The Stepford Fans
Blackburn Rovers have a reputation for being amongst English football’s best behaved fans. Unfortunately we are also accused of having no passion and turning our Ewood Park home into a ground lacking atmosphere.
What most of us didn’t realise is Blackburn Rovers have been used as a ‘Truman Show’ style experiment since the 1990’s. This started when we became flushed with money, thanks to our benefactor, Uncle Jack. Along with money spent on Ewood Park and the playing side, Rovers brought along the appliance of science. As well as becoming the first football club in the country to open up its own TV station, one of our lesser known captures was a consumer psychologist.

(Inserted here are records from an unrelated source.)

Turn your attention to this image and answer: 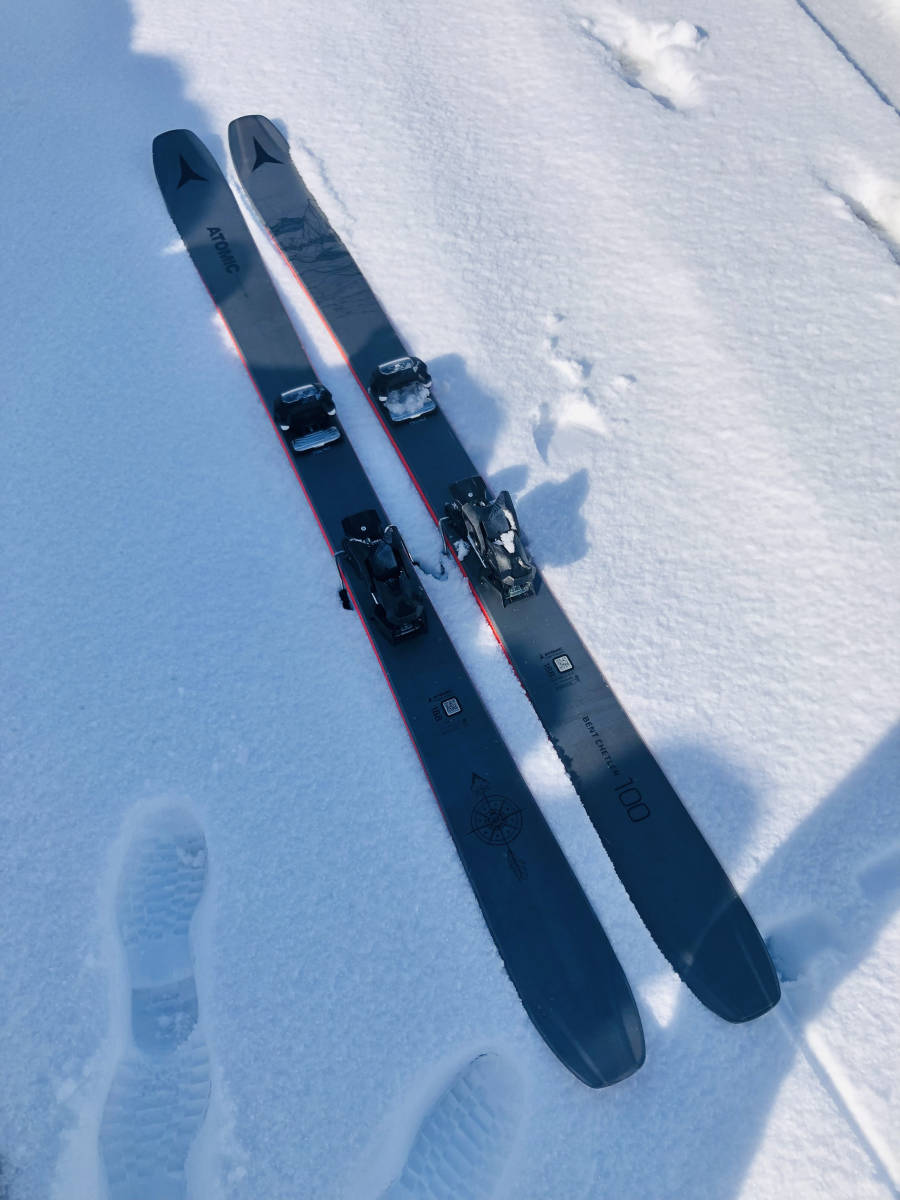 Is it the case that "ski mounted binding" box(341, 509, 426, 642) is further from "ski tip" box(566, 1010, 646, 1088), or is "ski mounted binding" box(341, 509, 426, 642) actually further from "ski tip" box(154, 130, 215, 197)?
"ski tip" box(154, 130, 215, 197)

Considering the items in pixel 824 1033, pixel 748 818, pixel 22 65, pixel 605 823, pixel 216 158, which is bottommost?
pixel 824 1033

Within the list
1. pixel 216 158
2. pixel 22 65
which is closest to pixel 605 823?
Answer: pixel 216 158

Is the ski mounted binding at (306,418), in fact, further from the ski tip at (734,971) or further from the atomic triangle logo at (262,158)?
the ski tip at (734,971)

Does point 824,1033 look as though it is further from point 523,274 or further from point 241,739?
point 523,274

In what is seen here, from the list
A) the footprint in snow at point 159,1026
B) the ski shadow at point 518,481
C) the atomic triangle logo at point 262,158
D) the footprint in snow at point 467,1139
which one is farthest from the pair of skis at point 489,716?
the footprint in snow at point 159,1026

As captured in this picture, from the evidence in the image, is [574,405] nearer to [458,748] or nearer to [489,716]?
[489,716]

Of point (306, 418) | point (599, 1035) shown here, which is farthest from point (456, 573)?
point (599, 1035) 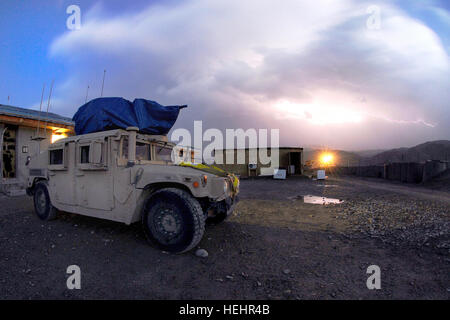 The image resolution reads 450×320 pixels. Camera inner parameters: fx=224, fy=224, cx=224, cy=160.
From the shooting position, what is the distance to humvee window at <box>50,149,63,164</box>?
4.93 meters

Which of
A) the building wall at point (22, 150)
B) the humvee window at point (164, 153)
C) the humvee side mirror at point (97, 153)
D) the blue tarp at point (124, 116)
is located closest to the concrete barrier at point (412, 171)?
the humvee window at point (164, 153)

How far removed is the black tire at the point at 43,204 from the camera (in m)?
5.24

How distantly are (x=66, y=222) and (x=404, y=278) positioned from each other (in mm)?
6385

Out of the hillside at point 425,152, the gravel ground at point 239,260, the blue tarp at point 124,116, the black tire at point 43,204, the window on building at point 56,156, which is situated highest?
the hillside at point 425,152

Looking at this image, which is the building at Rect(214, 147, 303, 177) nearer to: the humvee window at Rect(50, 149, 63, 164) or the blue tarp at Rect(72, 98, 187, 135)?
the blue tarp at Rect(72, 98, 187, 135)

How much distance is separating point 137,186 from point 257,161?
1788 cm

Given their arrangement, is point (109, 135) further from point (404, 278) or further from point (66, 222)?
point (404, 278)

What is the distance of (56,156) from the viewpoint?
5.05 metres

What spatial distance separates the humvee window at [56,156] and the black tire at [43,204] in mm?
684

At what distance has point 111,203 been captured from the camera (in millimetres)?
4012

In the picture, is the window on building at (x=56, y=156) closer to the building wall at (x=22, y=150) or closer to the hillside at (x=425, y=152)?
the building wall at (x=22, y=150)

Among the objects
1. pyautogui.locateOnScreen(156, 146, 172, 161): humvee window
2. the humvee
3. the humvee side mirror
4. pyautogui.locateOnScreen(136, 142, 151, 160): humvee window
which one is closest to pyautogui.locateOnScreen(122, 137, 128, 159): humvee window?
the humvee

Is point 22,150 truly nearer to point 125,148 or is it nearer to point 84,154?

This practitioner was surprised at the time by how music was used to inspire the new ice hockey team in Blackburn. Fans of the then Blackburn Blackhawks had a reputation for being as wild as the players. This was down to aggressive heavy metal and punk rock being played when the team scored or players were rolling around fighting on the ice. For a time you couldn’t hear yourself think in the Arena due to the crowd noise. Unfortunately the cheerleaders couldn’t keep up with the music and the fans were too busy shaking their own hair to follow the match.
Not all of these psychological experiments were successful at Rovers either. The first was with recorded crowd noise being played during the match. Unfortunately it was louder than the fans in the ground. It also confused players and annoyed the fans. Another unsuccessful attempt was to try and pacify Sweden’s Trelleborg fans when we first entered the UEFA Cup. Nobody told our psychologist, when you keep playing ABBA records to Swedish people, it winds them up and makes them angry. Our resulting humiliating defeat is well documented. Subsequent experiments, playing ‘The Smiths’ music to fans from Manchester, also supported this theory.
Since those early days, success has followed. The subliminal messages produced by the big screen during broadcasts have become an effective form of advertising. These involve micro-second suggestions during recorded highlights, inviting you to: ‘bring a friend’, ‘place a bet’, ‘buy a pie’, ‘have a beer at half time’ and ‘go to the Roverstore after the match’.
Some supporters aren’t happy with this form of advertising though, accusing Rovers of ‘1984’ style thought control. Nicknaming us ‘The Stepford Fans’, they claim we are being brainwashed. Turning us into docile, unthinking automatons, accepting everything Rovers give us. Rovers management retorted angrily to these accusations, saying the fans must be out of their minds.